Konstanz (sit) - "Dieses Video ist in Deutschland nicht verfügbar, da es möglicherweise Musik enthält, für die die erforderlichen Musikrechte von der GEMA nicht eingeräumt wurden." Nicht nur Internetnutzer ärgern sich seit geraumer Zeit über diesen Satz.
"Die Sperrtafeln tragen bis heute in großem Umfang dazu bei, die öffentliche und mediale Meinung in höchst irreführender Weise negativ zu beeinflussen", klagt jetzt auch GEMA-Chef Harald Heker. "Durch den eingeblendeten Text wird der falsche Eindruck erweckt, dass die GEMA die Lizenzierung von Musiknutzung kategorisch verweigere."

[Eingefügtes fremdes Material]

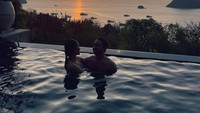 Anya Geraldine dan Nadif Zahiruddin berenang berlatarkan sunset indah di Labuan Bajo. Foto: Instagram Anya Geraldine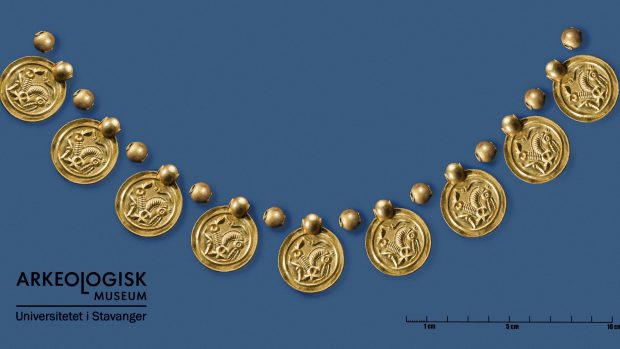 Muž z Norska našel devět zlatých medailonků, tři prsteny a deset zlatých korálků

Die GEMA sucht den Rechtsweg
In Wahrheit liege es an YouTube, Rechte zum vorgeschlagenen Tarif zu erwerben. Von daher will die Verwertungsgesellschaft die Hinweistafeln ab jetzt per Abmahnung und Unterlassungserklärung verbieten lassen.
Außerdem liegt Youtube eine Schadensersatzforderung über 1,6 Millionen Euro auf dem Tisch: "Eine Schadensersatzforderung ist aus unserer Sicht angebracht, weil die urheberrechtlich geschützten Musikwerke auf YouTube massenhaft genutzt und vermarktet werden", so Heker.
Fronten weiter verhärtet
Die Fronten im schwelenden Tarifstreit zwischen GEMA und YouTube sind derart verhärtet, da tut dieser Seitenhieb nicht gut, ganz im Gegenteil. Nach drei Jahren fruchtloser Verhandlungen wurden die Gespräche zwischen den beiden Parteien vorerst abgebrochen. Die Schiedsstelle beim deutschen Patent- und Markenamt soll nach Wunsch der GEMA nun darüber entscheiden, welchen Tarif YouTube für ausgelieferte Videos an die Urheber zu zahlen hat.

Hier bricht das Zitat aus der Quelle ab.